L’inimitié contre Dieu et contre sa parole se trouve dans toutes les classes de la société, mais l’impulsion est donnée le plus souvent par les princes, les riches et les puissants de ce monde, parce que leurs desseins ambitieux et égoïstes se trouvent en opposition avec l’Évangile. — Les mots : Ils consultent ensemble, caractérisent bien les combinaisons habiles en apparence de la politique anti-chrétienne. — Comme c’est en la personne de Jésus-Christ que Dieu s’est révélé au monde et que c’est à lui qu’il a remis le royaume, faire la guerre à Jésus-Christ, c’est la faire à Dieu lui-même. « Celui qui n’honore point le Fils, n’honore point le Père qui l’a envoyé. » Jean 5.23. — Jésus-Christ est appelé l’Oint de l’Éternel, parce que c’est lui qui est le roi par excellence, le Roi des rois. On sait que la dignité royale était conférée aux Rois d’Israël par le moyen de l’onction d’huile, qui elle-même était un symbole de la communication des dons spirituels nécessaires pour l’exercice de la royauté. Le prophète Samuel répand la sainte huile sur la tête de Saul en lui disant : « L’Éternel t’a oint sur son héritage pour en être le conducteur. » 1 Samuel 10.1. La même cérémonie fut répétée sur la personne de David (1 S 16.13). Aussi le titre d’Oint de l’Éternel est souvent donné à Saul, à David et à leurs successeurs (1 S 24.7 ; Ps 18.51). Notre Seigneur n’a pas reçu l’onction d’huile, mais il a été revêtu de la plénitude des dons qu’elle représentait : « Dieu a oint du Saint-Esprit et de force Jésus de Nazareth » Actes 10.38. Voyez aussi Ésaïe 11.1, 2 ; Jean 3.34. Il est à remarquer que c’est le mot hébreu (Machiak) que nous traduisons par oint qui est l’origine du mot grec Messias et du mot français Messie. Quant au nom propre Christ, il est dérivé du mot grec Christos qui signifie oint et qui est employé dans les versions grecques de l’Ancien Testament pour rendre le mot hébreu Machiak. André dit à Simon : « Nous avons trouvé » le Messie, c’est-à-dire le Christ. » Jean 1.41.
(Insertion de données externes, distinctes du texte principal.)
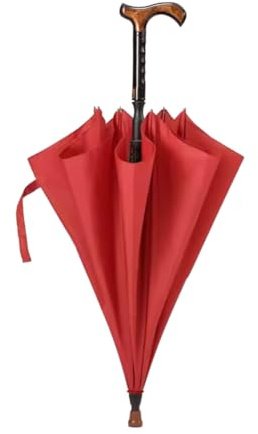 HEFJIAYCIQ Bastón 2 En 1 Antideslizante Paraguas, Multifuncional Bastón Recto Mango Largo Muleta Sombrillas, para Hombres, Mujeres,Rojo,86cm/33.8inch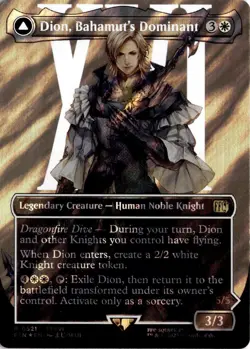 Dion, Bahamut's Dominant (Borderless) (Surge Foil) 521 MTG FINAL FANTASY NM - Image 1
Verset 3. Rompons leurs liens et jetons loin de nous leurs cordes!

« Rompons leurs liens et jetons loin de nous leurs cordes. » Ce sont les paroles qui sortent de la bouche des rebelles. Les lois de Dieu paraissent à l’homme naturel un joug insupportable, et c’est la cause principale de la guerre que l’on fait au royaume de Dieu. « On accepterait encore volontiers les doctrines, si elles n’impliquaient pas les commandements ; l’Église serait tolérée dans le monde si elle voulait renoncer à sa discipline » (dixit Horne).

Verset 4. Celui qui siège dans les cieux se rira d’eux ; le Seigneur se raillera d’eux.

Les entreprises audacieuses des impies viendront se briser contre le trône du Tout-Puissant comme les ondes contre un rocher. Quand la lutte est engagée entre la terre et le ciel, l’issue ne saurait être douteuse. « Celui qui prend soin de nous (dit Luther) demeure dans une parfaite sécurité, sans aucune crainte. Mais tout cela se fait d’une manière si secrète et si cachée que tu ne peux pas bien le reconnaître, à moins que tu ne te transportes toi-même dans le ciel. » — « Le psalmiste veut que nous sachions que Dieu n’a pas besoin de grands moyens de défense pour contenir les impies, et que ce n’est pas pour lui chose difficile, mais qu’il le fait comme en jouant. En second lieu David donne à entendre que, si Dieu permet que le Royaume de son Fils soit attaqué, ce n’est pas qu’il ne puisse porter secours ou qu’il néglige l’honneur de son Fils, mais c’est à dessein qu’il diffère la vengeance jusqu’au temps le plus convenable pour que leur fureur soit exposée à la risée. Soyons donc convaincus que, lorsque Dieu n’étend pas immédiatement sa main contre les impies, c’est pour lui le temps de rire et si alors c’est peut-être pour nous le temps de pleurer, cette pensée doit tempérer l’amertume de notre douleur » (Calvin). — Dans le second membre de ce verset, Dieu est appelé le Seigneur; le mot hébreu (Adonaï) que nous traduisons par Seigneur se rattache, selon les uns, à l’idée de régner, gouverner, selon d’autres, à l’idée de fondement.

Verset 5. Alors il leur parlera dans sa colère et les épouvantera dans son ardent courroux.

Alors désigne l’époque que Dieu a fixée pour le jugement. Il supporte pendant un certain temps les ennemis de son royaume et leur laisse le temps de s’amender, mais tôt ou tard il doit donner libre cours à sa justice. — Il leur parlera. Il s’agit du langage des faits. « Toutes les fois que Dieu défend le Royaume de son Fils contre les impies par des manifestations de son courroux, bien qu’il se taise, sa voix se fait entendre avec éclat » (Calvin). Il est évident que, lorsque la Bible nous parle de la colère de Dieu, nous devons écarter l’idée de passion, d’emportement, de mouvement désordonné qui s’y rattache ordinairement quand il s’agit de la colère des hommes. Il faut cependant prendre garde de ne pas trop affaiblir le sens de cette expression. Dieu étant un être infiniment saint, il est impossible qu’il contemple le mal avec indifférence ; la vue du péché doit lui inspirer une légitime indignation ; il ne serait pas Amour, s’il n’était pas affecté douloureusement par l’ingratitude et les transgressions de ses créatures. Si l’on perd de vue l’idée toute biblique de la colère de Dieu, on ne comprendra jamais bien la doctrine de la rédemption. Voyez Ps 50.3 ; Mt 3.7 ; Ap 6.16.

Verset 6. Et moi, j’ai sacré mon Roi sur Sion, la montagne de ma sainteté.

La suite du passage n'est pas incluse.